(Data provided begins)

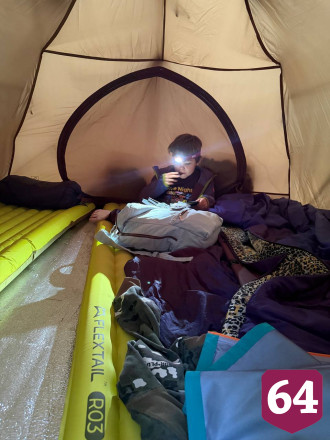 Актер из Саратова отправился в поход с сыновьями и довел поклонников до слез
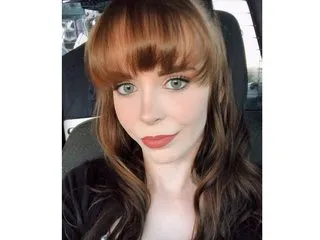 KymMeadowsXO – webcam model profile photo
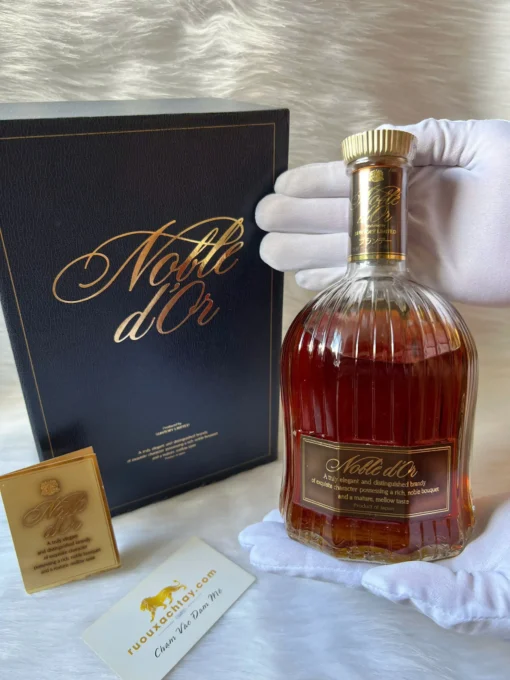 Brandy Suntory Noble Dor (1)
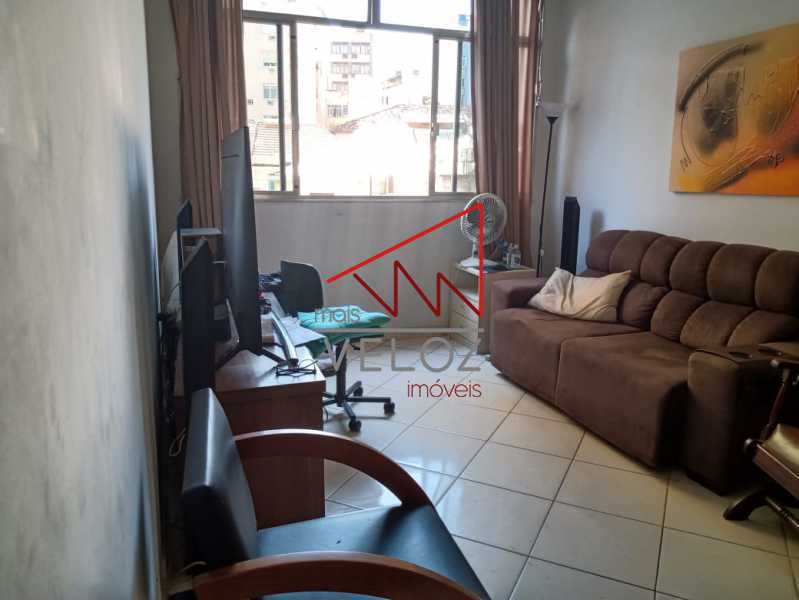 Apartamento à venda com 1 quarto, 64m² - Foto 11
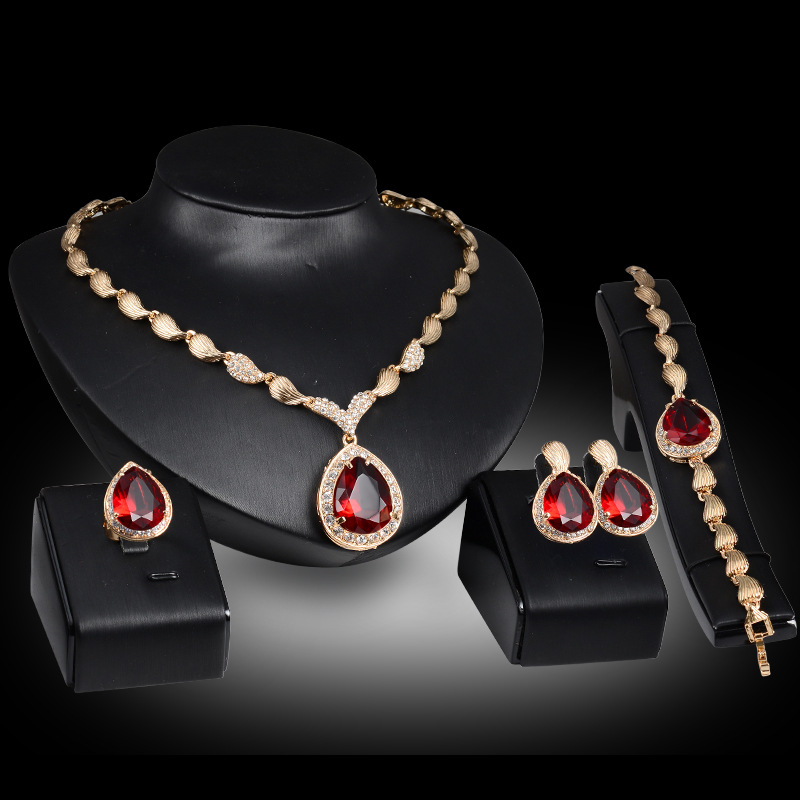 Set kalung, anting, dan gelang - Vintage Fashion Hong Kong ulasan dan harga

(Data provided ends)

Activity:
With every picture removed, give the entries above again exactly.

Response:
 Актер из Саратова отправился в поход с сыновьями и довел поклонников до слез
 KymMeadowsXO – webcam model profile photo
 Brandy Suntory Noble Dor (1)
 Apartamento à venda com 1 quarto, 64m² - Foto 11
 Set kalung, anting, dan gelang - Vintage Fashion Hong Kong ulasan dan harga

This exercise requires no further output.